With every passing week the threat of a third, and almost certainly final, world war seems to edge inexorably closer.
Finland and previously neutral Sweden’s announcement of their wish to join NATO in the wake of Russia’s invasion of Ukraine may be set to give those countries a sense of security, but Putin is paranoid about the west encroaching on his doorstep and considering that while he remains in charge of Russia literally anything can happen, such a move is going to make the world a much less secure place.
But the decision has been dictated by Putin’s aggression in Ukraine and with the “special military operation” not exactly going according to plan due to what appears to have been a complete miscalculation by Russia of the Ukrainian spirit, we have to ask ourselves how long we’re prepared to let a power mad bully do whatever he likes, including the sanctioning of war crimes, just because he MIGHT press the button if the majority of the rest of the planet stands up to him.
The point is fast approaching where the west will need to do something more decisive than giving someone else the tools to do the job for them and hoping for the best.
As things stand, Latvia, Georgia, Belarus, Lithuania and quite possibly Moldova should be looking over their shoulders because the next move will be to consolidate Russia’s former Soviet territories on the edge of the NATO line.
Then all bets will be off because there won’t be any such thing as winners. We all lose.
Hopefully before that happens someone in the Kremlin will put a bullet in Putin’s temple or his doctor will administer something and tell us their leader suffered a fatal brain aneurysm or something, but at the moment engaging in an existential game of who blinks first looks like it’s going to be unavoidable.

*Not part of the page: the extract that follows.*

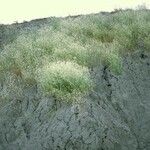 Lepidium jaredii Хабит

And while it’s going to be essential that we remain firm and strong in the face of this threat, we should probably all be getting a bit scared about now.
Meanwhile, if there’s still a world left, it looks like next year’s Eurovision Song Contest will be held in a Kyiv bunker.
Nine million people watched the show at the weekend – and the punchline to this, which would have been a harmless bit of japery on my part has been omitted after careful thought, not because I feel any responsibility for someone taking offence when it wasn’t meant – that’s their choice, it doesn’t automatically mean they would be in the right – but because I really can’t be arsed with the fuss any more than I can be bothered with the contest itself.
But one act I noticed during the build up appeared to have plastic animal heads and Stig helmets on.
I christened them Draft Punk.
Something from years ago has reared its ugly head again (snigger) because of the Rebekah Vardy/Colleen Rooney “Wagatha Christie” defamation case which has prompted me to wonder, how is it acceptable for a woman to mock the size of a male celebrity’s penis in the media?
Can you imagine what would happen if a man in the public eye said something derogatory about a famous one night stand or former partner’s vagina? He would be cancelled immediately. Jobs, sponsorships all gone in an instant.
Not the case the other way round apparently.
You would think after 150 years that footballers would remember that the lid on the FA Cup comes off.
Stupid TV quiz answer of the week
Q: What children’s playhouse is named after a J M Barrie character?
A: Winnie the Pooh?
Q: Which animal in the Winnie the Pooh stories could be described as porcine
Q: Which Midlands side is managed by Steven Gerrard?
Special mention to the geography degree student on The Chase who thought Berne was in Germany.